Now we learn “Operation Mega” has been put on hold by the Department of Homeland Security because of the damage caused by Hurricane Harvey in Texas and the anticipated damage by Hurricane Irma in Florida.
In the meantime, immigration courts in New Jersey and other parts of the nation remain backlogged.
Data from TRAC, the Transactional Records Access Clearinghouse at Syracuse University, shows more than 31,000 people in the Garden State have cases pending in immigration court, while nationally the number tops 617,000.
According to Sue Long, the co-director of TRAC and a professor of managerial statistic at SU, immigration deportation cases are pending in every New Jersey county.
“For years, Congress has expanded immigration enforcement but they didn’t increase the number of judges available to hear cases,” she said.
Long noted while President Trump has taken a hard line against undocumented immigrants, President Obama did as well.
"Obama was often called the 'deporter-in-chief' by immigrant rights groups because deportations increased under President Obama,” she said.
She pointed out President Obama made deportations of those with criminal records a top priority for Immigration and Customs Enforcement officials, while President Trump has not.
She added at this point “it’s hard to know what’s going on" because of limited data released to the public. "It’s not at all clear deportations have increased under Trump.”
She noted some cases are prioritized but typically it takes more than two years for a case in immigration court to be resolved.
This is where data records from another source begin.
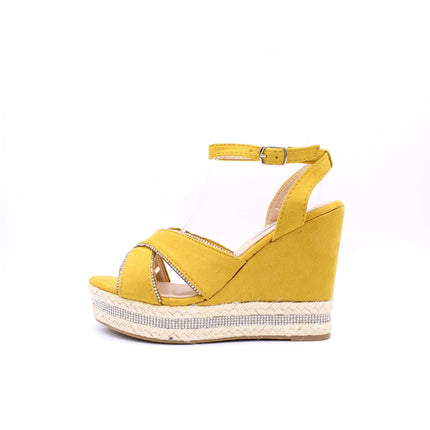 Soraia shoes Women's Glitter Stone Wedge Platform Sandal Wedge Sandal Summer Fashion Sandal PlatiNum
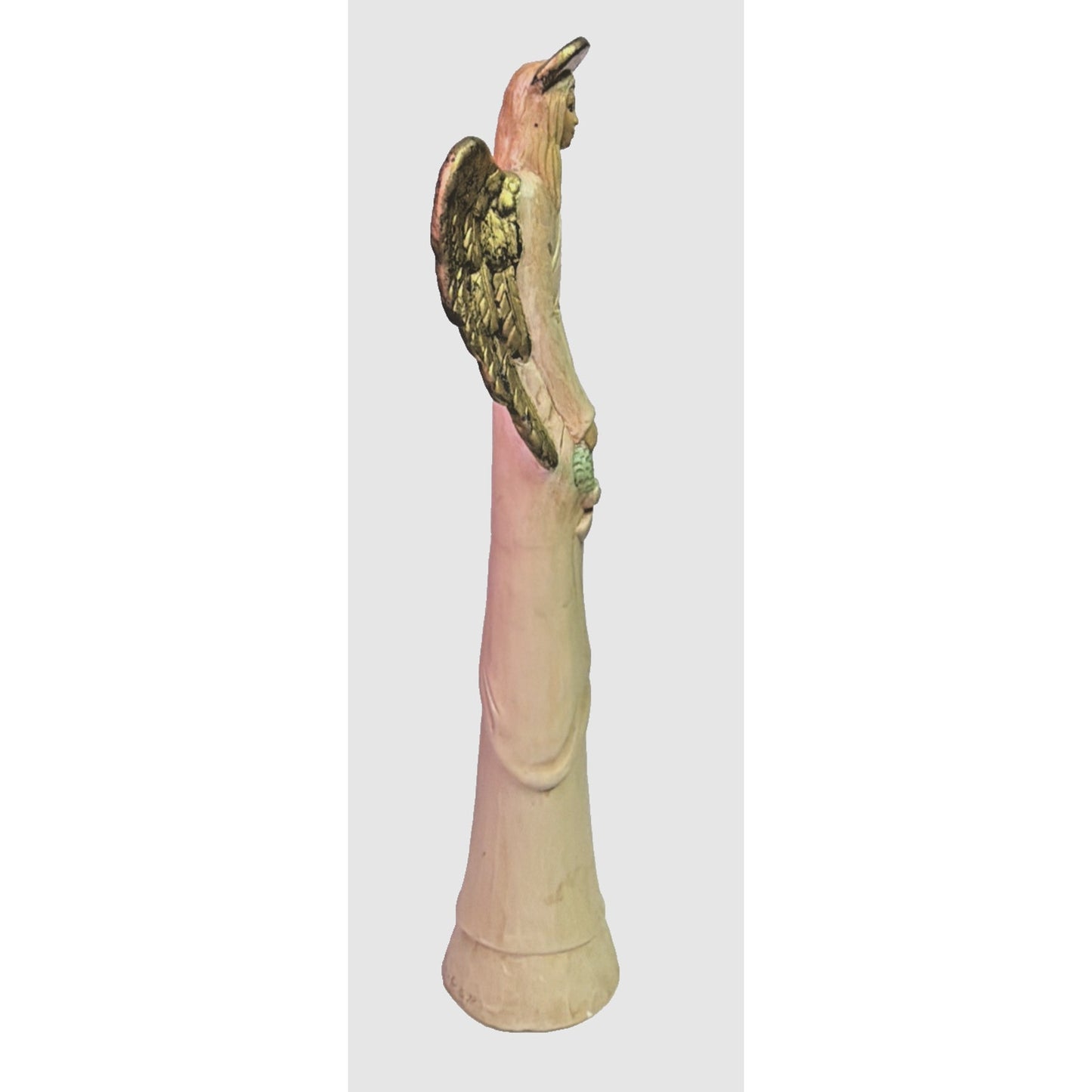 Vintage Scioto Ceramic Hand Painted Pencil Statue Angel Holding Wreath As Is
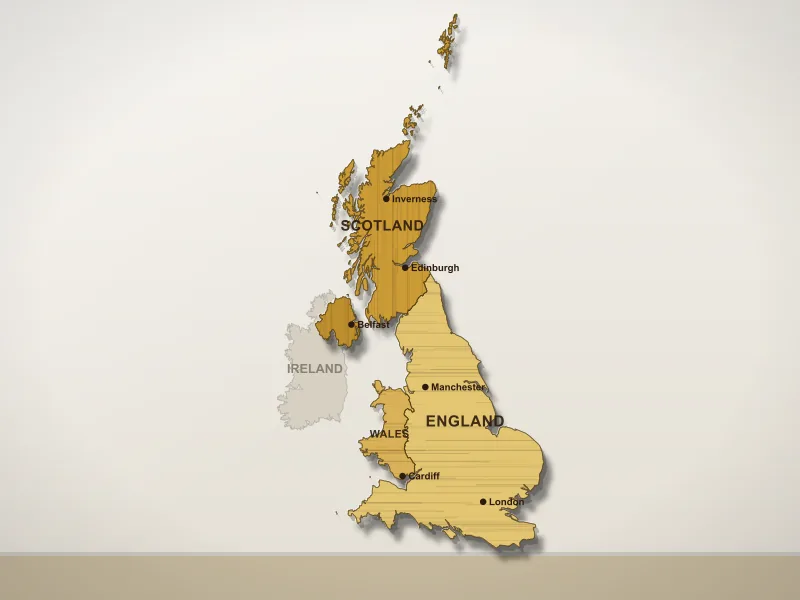 Illustration of a wooden map of the United Kingdom with England, Scotland, Wales and Northern Ireland as separate pieces, seen at an angle
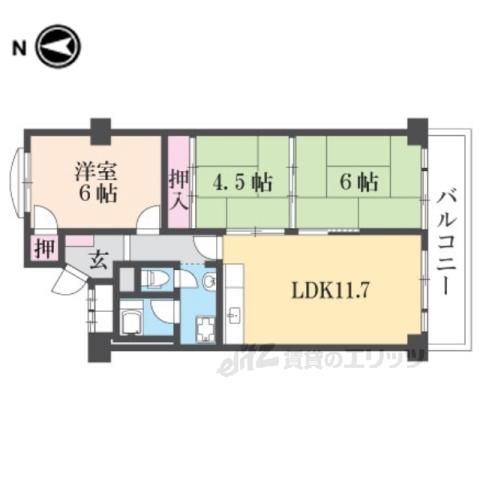グリーンコーポ奈良第二・2号棟(3LDK/3階)の間取り写真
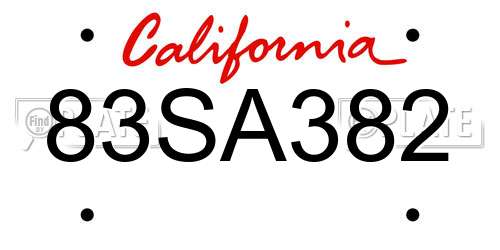 83SA382 California License Plate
TRAC data shows only about 43 percent of cases resolved in New Jersey this year have resulted in deportations.
She added right now we have a big public debate about what our immigration goals should be, let alone what the resources should be
Nicole Miller, legal services director for American Friends Service Committee in Newark, said there has been aggressive immigration enforcement going on in New Jersey for years and people end up in proceedings a lot of different ways, including ICE raids at homes and workplaces.
"It could be because of an interaction with the criminal justice system, regardless of whether they have a conviction or not," she said.
Said the backlog of cases makes life very difficult for the immigrants who are caught up in this.
“I mean you have people who are basically in limbo for many, many years. It has a huge impact on families and just the stress of the threat of deportation hanging over one family member or another.”
Miller says many of these individuals wind up with little or no legal representation whatsoever.
“It’s very hard to find pro-bono attorneys at firms who are able to take on a case when you tell them it’s going to take years before there’s a final hearing. It’s a real problem on many different levels.”
She added, “It’s only going to get worse because we’ve seen, as you know, increased arrests across the country and in New Jersey.”